EXERCISE MATERIAL Start Marker
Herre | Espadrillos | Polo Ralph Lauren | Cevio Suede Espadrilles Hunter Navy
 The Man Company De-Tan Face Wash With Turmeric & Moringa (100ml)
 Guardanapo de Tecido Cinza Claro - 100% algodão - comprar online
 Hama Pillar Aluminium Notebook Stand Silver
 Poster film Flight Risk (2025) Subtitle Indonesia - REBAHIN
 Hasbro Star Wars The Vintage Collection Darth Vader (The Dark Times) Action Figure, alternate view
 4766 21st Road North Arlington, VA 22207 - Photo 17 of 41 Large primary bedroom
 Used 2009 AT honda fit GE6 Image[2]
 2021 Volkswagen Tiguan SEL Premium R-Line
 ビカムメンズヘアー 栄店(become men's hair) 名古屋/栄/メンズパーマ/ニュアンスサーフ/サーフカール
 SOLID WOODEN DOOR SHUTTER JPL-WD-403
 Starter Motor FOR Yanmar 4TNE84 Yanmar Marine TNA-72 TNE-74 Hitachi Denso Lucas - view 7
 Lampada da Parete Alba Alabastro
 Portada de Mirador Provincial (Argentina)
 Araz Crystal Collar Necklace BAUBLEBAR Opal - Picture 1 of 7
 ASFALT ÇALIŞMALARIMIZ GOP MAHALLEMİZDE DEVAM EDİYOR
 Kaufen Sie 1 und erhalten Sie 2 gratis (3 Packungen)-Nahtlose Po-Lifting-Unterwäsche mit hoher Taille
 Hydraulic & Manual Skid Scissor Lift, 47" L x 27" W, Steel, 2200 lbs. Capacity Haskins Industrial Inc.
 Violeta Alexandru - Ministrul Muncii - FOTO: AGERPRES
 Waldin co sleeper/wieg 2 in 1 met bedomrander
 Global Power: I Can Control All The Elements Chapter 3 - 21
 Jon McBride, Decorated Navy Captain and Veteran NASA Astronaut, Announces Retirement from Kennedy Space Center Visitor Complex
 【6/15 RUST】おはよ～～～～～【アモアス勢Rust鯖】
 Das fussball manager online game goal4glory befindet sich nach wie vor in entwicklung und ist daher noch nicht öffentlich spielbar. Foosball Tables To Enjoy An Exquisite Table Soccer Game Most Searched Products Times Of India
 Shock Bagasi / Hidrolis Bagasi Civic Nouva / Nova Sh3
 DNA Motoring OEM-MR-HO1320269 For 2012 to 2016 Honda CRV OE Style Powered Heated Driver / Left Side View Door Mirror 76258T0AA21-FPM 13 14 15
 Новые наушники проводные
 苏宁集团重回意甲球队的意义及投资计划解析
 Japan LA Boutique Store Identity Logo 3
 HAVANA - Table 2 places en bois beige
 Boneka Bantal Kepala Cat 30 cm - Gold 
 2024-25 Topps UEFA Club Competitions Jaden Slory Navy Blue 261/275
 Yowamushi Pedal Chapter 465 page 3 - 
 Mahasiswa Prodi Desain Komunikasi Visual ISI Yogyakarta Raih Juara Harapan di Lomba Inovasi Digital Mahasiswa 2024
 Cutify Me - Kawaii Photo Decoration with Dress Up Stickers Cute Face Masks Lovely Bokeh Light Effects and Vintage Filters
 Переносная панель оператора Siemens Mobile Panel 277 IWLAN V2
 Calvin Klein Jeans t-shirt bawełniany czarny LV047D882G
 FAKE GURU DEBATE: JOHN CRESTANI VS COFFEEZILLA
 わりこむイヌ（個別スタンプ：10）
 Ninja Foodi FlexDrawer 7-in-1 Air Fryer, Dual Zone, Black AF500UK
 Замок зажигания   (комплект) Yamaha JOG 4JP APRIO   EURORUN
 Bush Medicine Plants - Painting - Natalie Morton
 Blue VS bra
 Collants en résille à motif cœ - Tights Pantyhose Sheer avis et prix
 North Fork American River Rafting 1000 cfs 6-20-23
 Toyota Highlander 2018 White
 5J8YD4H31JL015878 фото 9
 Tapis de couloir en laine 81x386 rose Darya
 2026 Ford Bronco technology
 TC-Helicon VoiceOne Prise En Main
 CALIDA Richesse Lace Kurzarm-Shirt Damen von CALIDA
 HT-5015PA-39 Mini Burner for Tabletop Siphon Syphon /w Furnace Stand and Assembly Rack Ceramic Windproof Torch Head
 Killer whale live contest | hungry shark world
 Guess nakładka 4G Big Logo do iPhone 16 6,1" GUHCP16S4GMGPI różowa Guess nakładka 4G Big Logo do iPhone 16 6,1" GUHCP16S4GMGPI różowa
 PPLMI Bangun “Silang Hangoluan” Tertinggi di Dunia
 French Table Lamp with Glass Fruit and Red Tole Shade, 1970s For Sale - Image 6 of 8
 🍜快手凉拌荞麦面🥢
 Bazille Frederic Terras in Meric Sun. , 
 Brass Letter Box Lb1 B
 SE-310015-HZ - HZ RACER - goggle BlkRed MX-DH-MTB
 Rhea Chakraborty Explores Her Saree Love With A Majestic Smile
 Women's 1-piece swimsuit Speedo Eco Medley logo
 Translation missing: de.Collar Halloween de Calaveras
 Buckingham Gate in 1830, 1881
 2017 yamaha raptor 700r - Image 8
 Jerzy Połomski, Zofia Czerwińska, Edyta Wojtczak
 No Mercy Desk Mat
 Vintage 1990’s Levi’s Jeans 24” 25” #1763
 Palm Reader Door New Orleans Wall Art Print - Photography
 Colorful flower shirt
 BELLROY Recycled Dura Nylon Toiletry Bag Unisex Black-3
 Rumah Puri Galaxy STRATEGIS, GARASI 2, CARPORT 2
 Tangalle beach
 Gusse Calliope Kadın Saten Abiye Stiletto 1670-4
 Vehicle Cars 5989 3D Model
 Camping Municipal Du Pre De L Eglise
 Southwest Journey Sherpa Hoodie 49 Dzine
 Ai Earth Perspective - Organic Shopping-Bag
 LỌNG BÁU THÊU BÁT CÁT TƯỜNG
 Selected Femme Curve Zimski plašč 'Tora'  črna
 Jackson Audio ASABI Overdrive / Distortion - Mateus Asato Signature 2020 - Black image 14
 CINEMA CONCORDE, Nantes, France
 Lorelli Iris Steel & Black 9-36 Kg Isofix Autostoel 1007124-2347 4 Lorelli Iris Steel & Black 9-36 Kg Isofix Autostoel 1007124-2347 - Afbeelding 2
EXERCISE MATERIAL End Marker
** PROBLEM **
An exact copy of the lines from the one containing "Camping Municipal Du Pre De L Eglise" through the end of the entries is required, and nothing beyond them.

** REPLY TO THE TASK **
 Camping Municipal Du Pre De L Eglise
 Southwest Journey Sherpa Hoodie 49 Dzine
 Ai Earth Perspective - Organic Shopping-Bag
 LỌNG BÁU THÊU BÁT CÁT TƯỜNG
 Selected Femme Curve Zimski plašč 'Tora'  črna
 Jackson Audio ASABI Overdrive / Distortion - Mateus Asato Signature 2020 - Black image 14
 CINEMA CONCORDE, Nantes, France
 Lorelli Iris Steel & Black 9-36 Kg Isofix Autostoel 1007124-2347 4 Lorelli Iris Steel & Black 9-36 Kg Isofix Autostoel 1007124-2347 - Afbeelding 2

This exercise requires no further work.